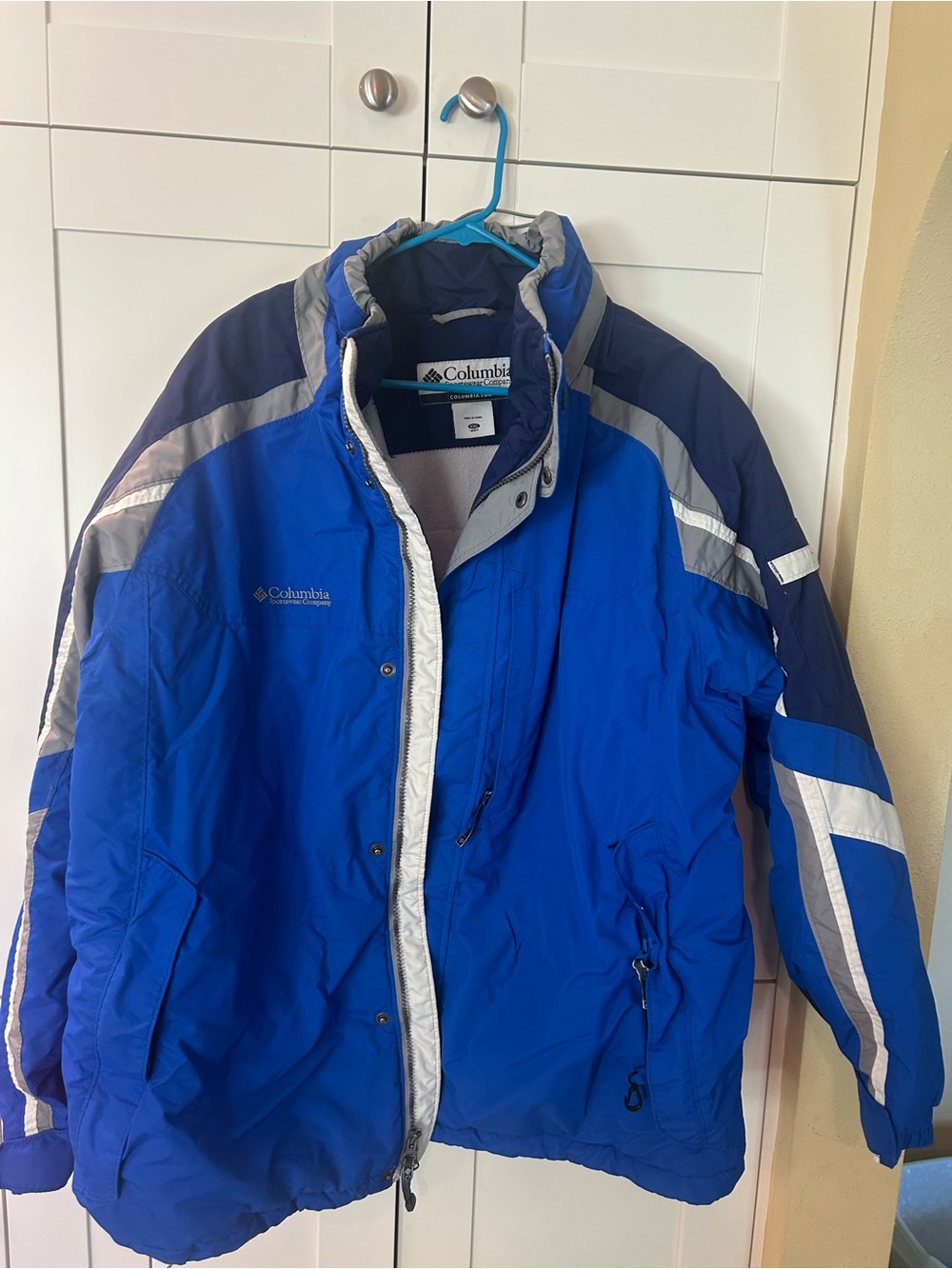 Columbia Men's Royal Blue and Navy Ski Jacket with Gray Accents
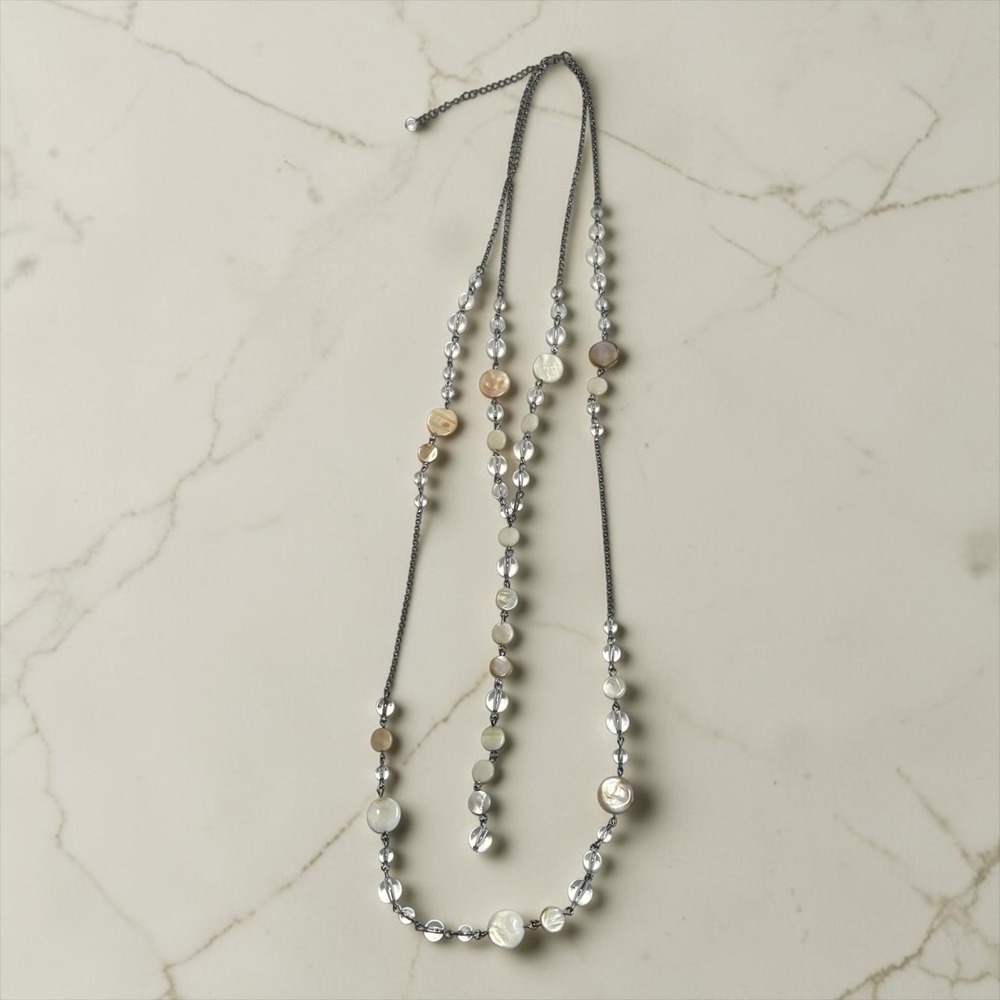 Mother of Pearl Shell Necklace Clear‎ Beads Silver Tone Adjustable 36"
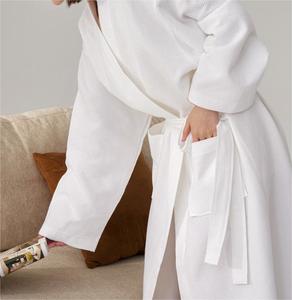 Nuevo Bata de Baño Tipo Waffle para Primavera y Otoño - Bata Holgada Unisex para Hotel, Spa y Salón de Belleza - Product Image 2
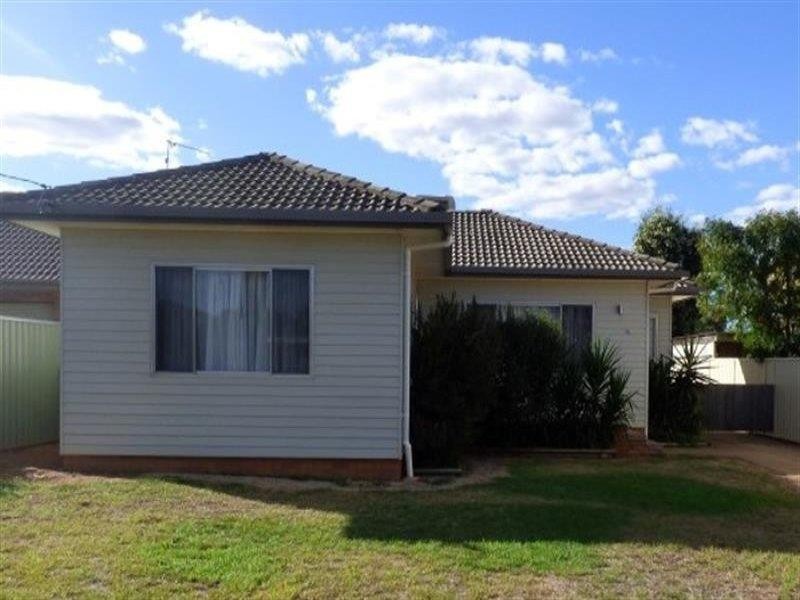 36 Lovett Ave, Dubbo NSW 2830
----
*Exercise prompt:* Leaving out the pictures, reproduce the whole listing above exactly.

*Solution:*
 Columbia Men's Royal Blue and Navy Ski Jacket with Gray Accents
 Mother of Pearl Shell Necklace Clear‎ Beads Silver Tone Adjustable 36"
 Nuevo Bata de Baño Tipo Waffle para Primavera y Otoño - Bata Holgada Unisex para Hotel, Spa y Salón de Belleza - Product Image 2
 36 Lovett Ave, Dubbo NSW 2830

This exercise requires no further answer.